Behavior-based Correlation

Threat Defender uses behavior-based correlation, also called inline real-time correlation, to analyze traffic and correlate events across multiple traffic flows. The single-pass correlation and policy engine of Threat Defender correlates current traffic flows as well as historical information from previous flows. Based on the detected behavior, granular multi-level policy rules can be created and dynamically executed.

Attacks are often hard to detect as attackers hide in seemingly harmless communication to prevent detection by network security systems, such as next-generation firewalls. The only way to detect such threats is to analyze the behavior of the network to spot subtle changes in the communication. Once relationships between seemingly unrelated events are discovered, they can be analyzed further to determine if they contain any threats or abnormal behavior which may indicate that the network is under attack.

1. The Approach of Threat Defender

Threat Defender correlates current traffic flows with historical information from previous flows. It expands the policy language to track attributes of communication events. This means correlation takes place inline, inside the policy engine. Data is correlated in real time, i.e. the moment it is generated. Reactions to any identified threats are immediate and applied to the flow that triggered them.

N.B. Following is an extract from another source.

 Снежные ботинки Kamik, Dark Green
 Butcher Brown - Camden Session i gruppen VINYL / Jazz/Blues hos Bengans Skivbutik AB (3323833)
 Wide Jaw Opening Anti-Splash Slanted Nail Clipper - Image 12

To achieve meaningful behavior-based correlation, the policy and correlation engine enriches each flow with relevant information extracted from the data, such as basic layer 2-4 attributes but also information on layer 7 protocols and applications, IPS events and IoC/IoA events.

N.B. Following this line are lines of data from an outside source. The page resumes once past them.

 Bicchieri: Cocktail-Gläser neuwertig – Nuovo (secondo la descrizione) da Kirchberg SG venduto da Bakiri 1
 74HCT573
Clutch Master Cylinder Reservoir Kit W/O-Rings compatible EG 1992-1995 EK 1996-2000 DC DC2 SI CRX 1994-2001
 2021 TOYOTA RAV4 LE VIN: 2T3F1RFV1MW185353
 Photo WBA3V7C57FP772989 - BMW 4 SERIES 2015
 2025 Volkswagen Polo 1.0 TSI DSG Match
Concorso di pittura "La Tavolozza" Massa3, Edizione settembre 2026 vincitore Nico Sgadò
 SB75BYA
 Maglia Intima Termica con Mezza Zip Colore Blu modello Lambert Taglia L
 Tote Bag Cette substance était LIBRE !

The behavior-based correlation of Threat Defender is implemented using an in-memory database. This database contains event tracking tables, which store combinations of attributes and track the properties of communication events across traffic flows and over time. The expanded policy engine queries these tables and inserts entries. The entries in event tracking tables have individual retention times that are specified by the administrator. They are removed automatically when this timeout expires. This enables event tracking tables to track changes in the behavior of assets/users over time.

Using behavior-based correlation via event tracking tables requires at least two rules: One rule adds a pair of flow attributes (such as IP/MAC addresses, URLs, IDS hits, etc. ) to the table. Another rule evaluates the table: A counting condition counts the number of entries with the same attribute. A distinct counting condition counts entries with a particular timestamp. Rules can also query if a specific attribute pair is contained in the table; based on the result rule actions are carried out or not.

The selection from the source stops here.